*Exercise prompt:*
Up to and including the line holding "The next time", write out the data exactly from its first line, but not the pictures.

Collected data:
++++++
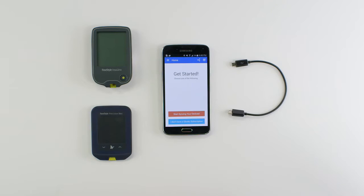Hey there, welcome to Gluco. Today I'm going to show you how to sync a freestyle USB blood glucose meter with the Gluco mobile app.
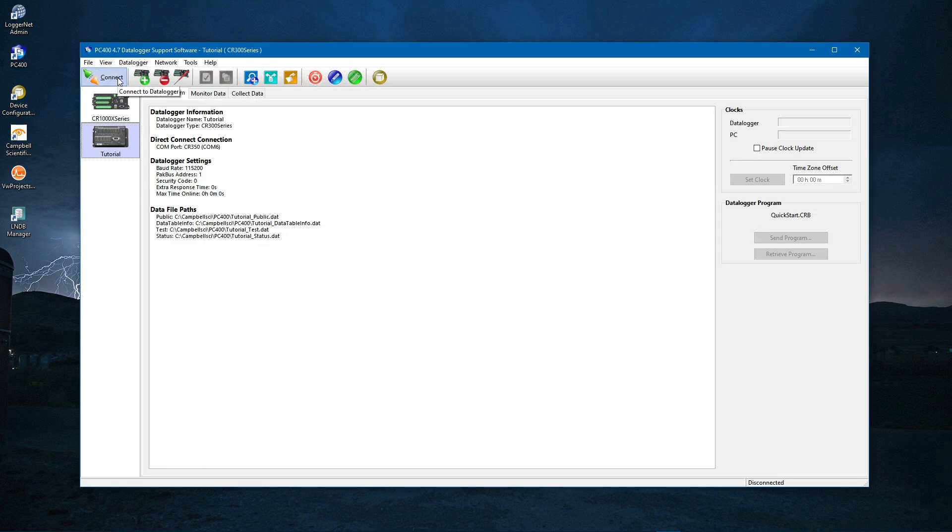More features of PC400 will be covered later in this tutorial series, after you create a new program and send it to your CR350.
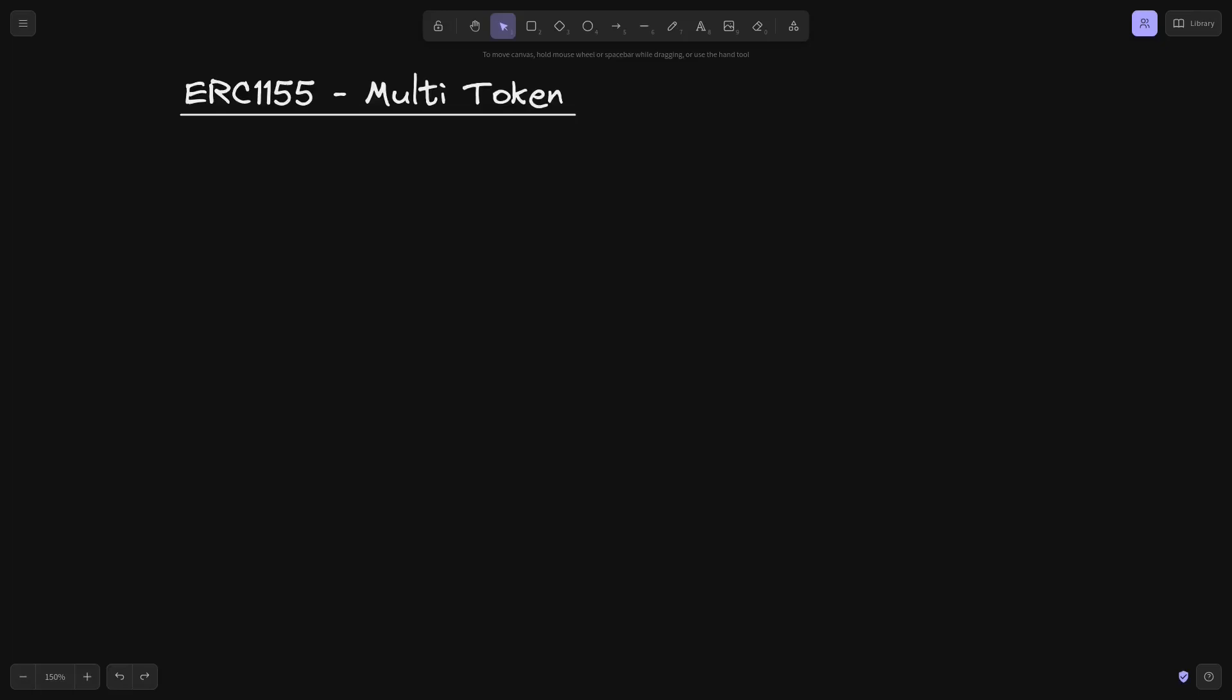Our ERC-1155 contract manages multiple tokens in a single contract. Let's take a look at an example of a contract that manages multiple ERC-20 tokens, and also an ERC-1155 contract that manages multiple tokens in a single contract.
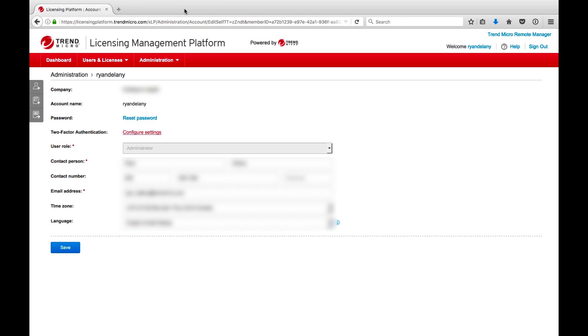The next time you log into LMP, you will be prompted to enter the six-digit code from the Google Authenticator app after entering your username and password.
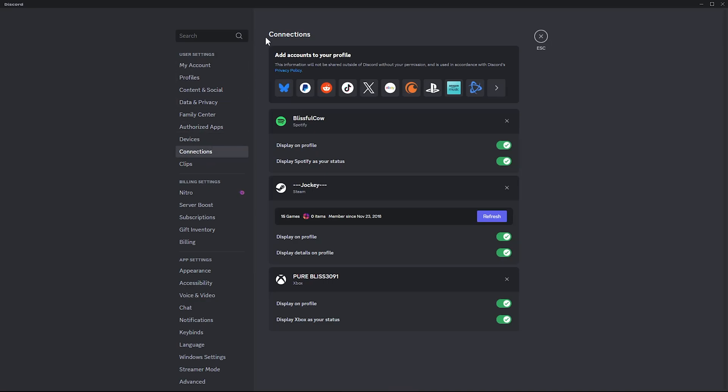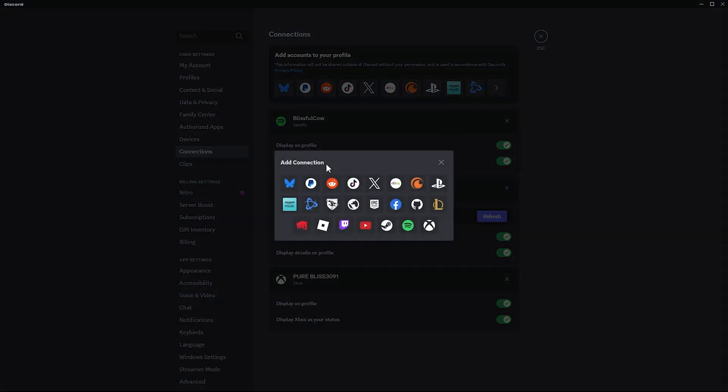Within Connections you should see a section called "Add accounts to your profile." Click on the arrow next to the icons and you should see all the icons you can currently add to your profile. Since you are adding YouTube, find the YouTube icon.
++++++
*Your response:*
Hey there, welcome to Gluco. Today I'm going to show you how to sync a freestyle USB blood glucose meter with the Gluco mobile app.
More features of PC400 will be covered later in this tutorial series, after you create a new program and send it to your CR350.
Our ERC-1155 contract manages multiple tokens in a single contract. Let's take a look at an example of a contract that manages multiple ERC-20 tokens, and also an ERC-1155 contract that manages multiple tokens in a single contract.
The next time you log into LMP, you will be prompted to enter the six-digit code from the Google Authenticator app after entering your username and password.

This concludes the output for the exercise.